Liberty the cat


Right now, Animal Protection Association (APA), and all of our animal rescue colleagues in Clark and Floyd counties, are facing a huge issue with the increase in stray and surrender requests. Our phones are ringing off the hooks. Our inboxes are full and so are our social media messaging tools.

People are contacting various shelters around the metro area to get help with a cat they want to surrender or a stray mom and babies living under their front porch. They are put in a never ending loop of calls to this rescue and that rescue. Rescues are full. APA has a strict intake process like most of the rescues in this area. When we’re full…we’re full and we simply can’t take in any more cats.

The #1 reason people call APA is they don’t want their cat to go to a kill shelter. We got an email last week about a cat in Indy needing to be surrendered and they wanted him to go to a no-kill shelter like us.

Adopting an animal is a lifetime commitment

People adopting an animal should realize it is a commitment for at least 10-20 years. When people adopt from us, we have them sign an agreement stating that they agree that adopting a pet is a LIFETIME commitment.

We are getting a lot of calls from people who are moving and can’t take their cats with them. This is particularly prevalent with elderly pet owners moving into nursing homes or downsizing. We are also getting calls to help with the cats of a deceased family member or friend.

We feel so strongly that people should have a plan in place to care for your cat if something should happen to you that we make it part of our adoption application. It doesn’t matter if you are 25 or 75. Things can happen when we least expect them to and you don’t want to leave the care of your beloved cat to someone who doesn’t know your wishes.
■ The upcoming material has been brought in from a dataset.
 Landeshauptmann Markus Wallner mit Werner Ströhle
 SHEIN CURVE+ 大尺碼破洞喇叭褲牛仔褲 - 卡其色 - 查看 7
Right now we have a 10-year old beauty at the shelter whose owner died without making plans to care for the cat. She is very sad and confused.

As a result of COVID, a lot of people are rethinking their lives and unfortunately the pets don’t always fit into their new life. They want to travel across the country or start a new job, or they’re back in the office full time and the pet is just in their way.

They want immediate surrender and it just does not work like that. First, we have to have a cage for the cat. All new cats coming into APA’s shelter are caged for a period of time until they adjust to the shelter environment. And second, before a cat can come into the shelter, it has to go to a vet to be tested to be sure it isn’t carrying a disease like feline leukemia, which could wipe out the entire shelter. As a result, people are getting desperate and literally dumping their animals.

People should know that dumping your cat is a Class A Misdemeanor under Indiana Code § 35-46-3-7. It can also be a death sentence for your cat. They could starve to death because most cats don’t know how to hunt for food. They are frightened and hungry. They can end up with tons of fleas that will take a lot of their blood and with no food they can’t replenish the blood. Dumping a cat is a horrible thing to do to them.

We had an injured cat that was illegally dumped at our shelter Fourth of July weekend. We named him “Liberty.” Of course we knew nothing about the cat’s medical history, but we quickly realized he had some sort of hip injury. As it turns out, Liberty has a broken hip and he is scheduled for surgery this week. His surgery, and follow up treatment, will run close to a thousand dollars. We would like to thank donors who have stepped up to help with the cost of Liberty’s surgery. We truly appreciate your support.

Pet owners should seek every avenue to keep their pets in their home. Surrendering an animal should be the absolute last resort. Cats who go in shelters definitely suffer. They are going to be in a cage for a while and they’re going to be very angry. We have two 10-year-old cats at the shelter right who are just like that. They growl and hiss and it is very dangerous for the volunteers to try to take care of their cages. The family has young kids and they just don’t have the time for these two cats. The sad part is, the children are receiving a life lesson that it is okay to get rid of pets who have been part of the family for 10 years. The cycle will continue.

We just ask people who are thinking about adopting a pet to remember that when you adopt it’s for life — not until you don’t have time anymore or you’re moving or it’s just not convenient.

It’s not just the surrenders

We are also being bombarded with calls about stray cats and particularly stray mama cats with a litter of kittens. We can’t emphasize strongly enough the importance of getting your cats spayed or neutered. A female cat can have babies while she herself is still a baby. We’ve had a few cases like that already this year. One mama still had her baby teeth! If you need help spaying or neutering your cat, please reach out to one of the area shelters for their help.

Denise Koenig is the communications manager for the Animal Protection Association.